Quia Emptores secured the principle of alienability of land. The general principle that land was saleable was critical to the development of the market economy. The statute was reflected in common law principles against inalienability. Purported conditions which seek to make land entirely or substantially inalienable have been held void since that time.
The legislation applied to grants in fee simple. It did not apply to fees tail and like estates. It did not mention the Crown and it was interpreted that the Crown was not bound by it. Tenants in chief were granted the right to free transfer without consent by statute in the early 14th century. A reasonable fine was payable to the Crown.
The non-application to the crown was a matter of great significance in Ireland. In Ireland, the Crown’s exemption from the statute enabled it to subinfeudation extensively. This occurred in particular after the confiscation of lands of rebel lords / chiefs in the 17th century.
Abolition of Tenure
By the middle of the 17th century the Crown’s role had been curtailed, following the Civil War with parliament. The Tenures Abolition Act Ireland 1662 was passed by the Restoration Parliament. It abolished most forms of feudal tenure including knight service, tenures by homage and by socage of the King.
The existing tenures were converted into free and common socage. Most incidents attaching to tenure including wardship, fines on alienation and marriage and aids were abolished.

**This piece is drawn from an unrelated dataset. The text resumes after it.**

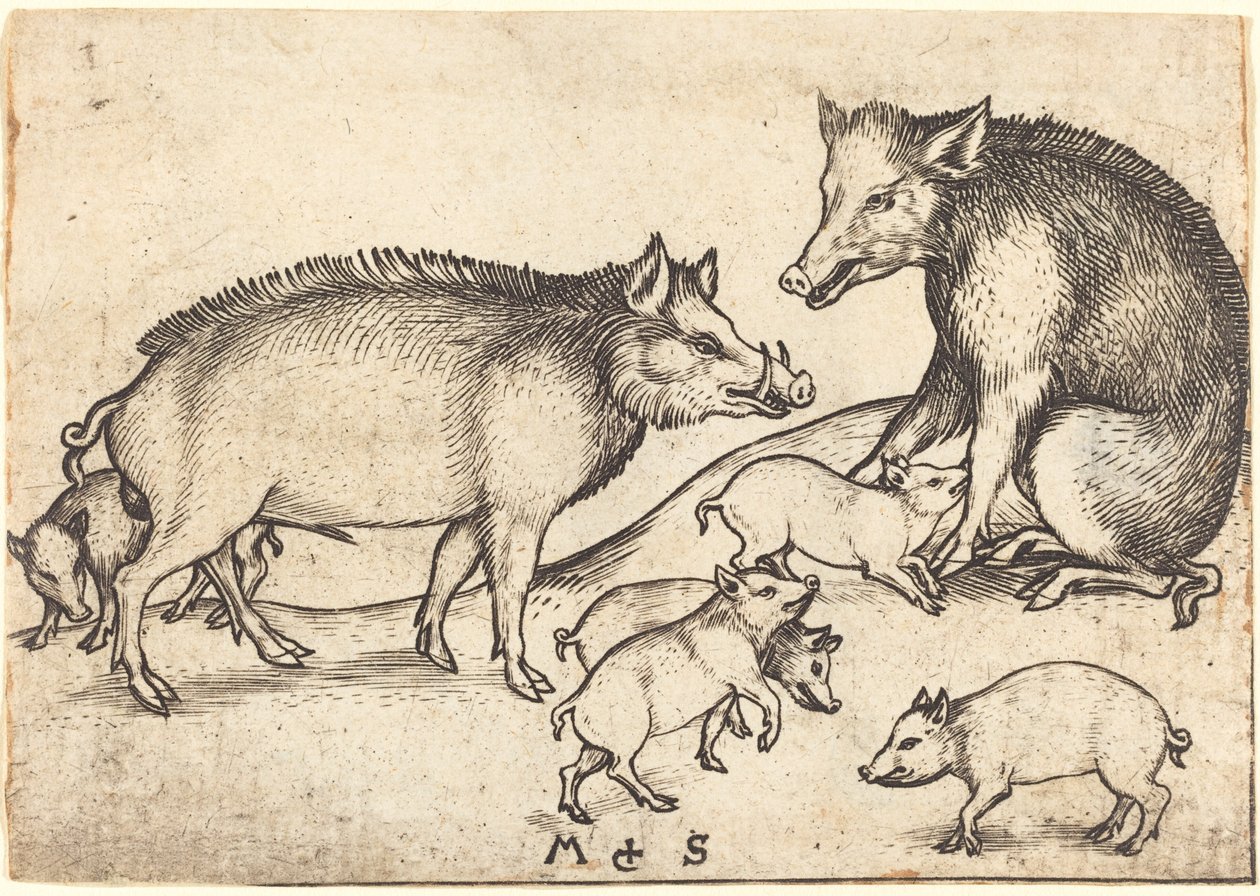 Familie av griser av Martin Schongauer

Ultimately feudal tenure became free and common socage or freehold. To the limited extent that monetary obligations survived they were commuted to money.
In Ireland the common law system waned severely in the 14th and 15th century. Famously, it was largely restricted to the Pale by the 15th century. See separately the sections on medieval law in Ireland. Brehon law was resurgent in this period and many of the Anglo-Irish magnates adopted it.

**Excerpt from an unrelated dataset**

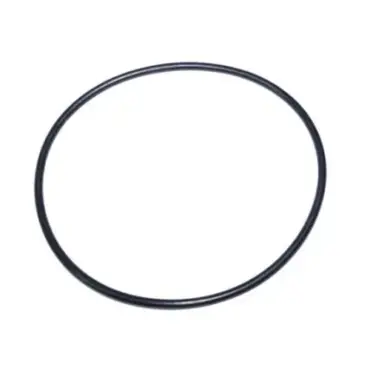 o-ring corpo pompa yamaha selva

The Crown was not bound by Quia Empotores and made grants of land notwithstanding (non obstante). Further, it purported to grant rights to its tenants in chief to subinfeudate. Certain such grants survive today in urban areas in the island of Ireland
In Ireland, the principal restrictions against inalienability were largely circumvented by the grant of long leases. Over time, their rent became nominal so that the interest of the lessee was similar to a freehold interest. However, it was subject to all the terms and conditions including restrictions on alienation applicable to leases.
The notional theoretical basis of tenure deriving from the Crown became particularly anomalous in the Republic of Ireland after the 1922 and later the1937 Constitutions. The 2009 Land Reform legislation abolished feudal tenure insofar as it survived. The legislation declares that estates and interests specified in the legislation are the only ones recognized. No tenurial incidents apply. The old feudal legislation as far as they continue to exist was repealed. The rule against inalienability of freehold land was reasserted.

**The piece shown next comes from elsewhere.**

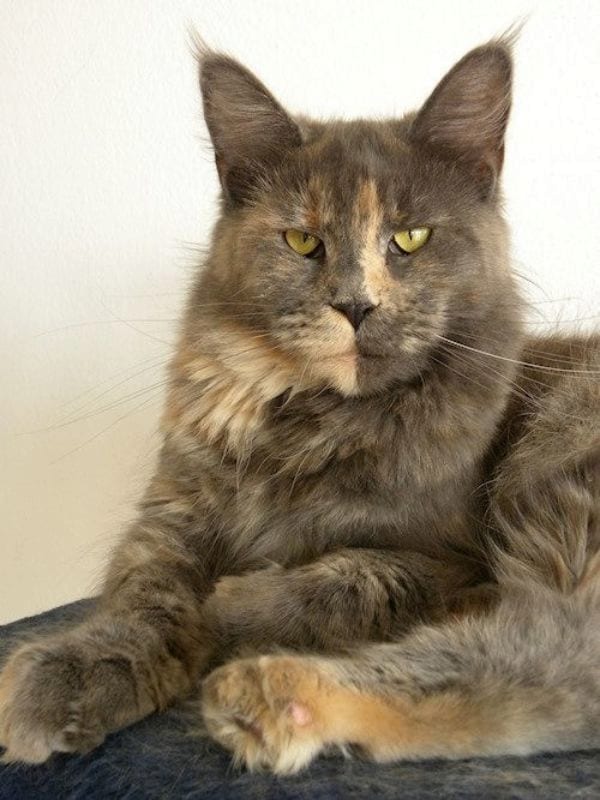 tortoiseshell dilute calico cat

Enfranchisement legislation has existed for over 170 years which converted certain long leases or allowed certain long leases to be converted into freehold. Under some of the earlier so-called enfranchisement legislation, the leasehold interests which were converted into freehold interests retained some or all of their covenants after conversion to freehold interest. Under modern landlord and tenant legislation, most covenants except a very limited type, no longer survived.
The legislation is consistent with the State’s position in a modern context and as successor to the royal prerogative. The state’s position derives from its authority granted by the people of Ireland under the Constitution.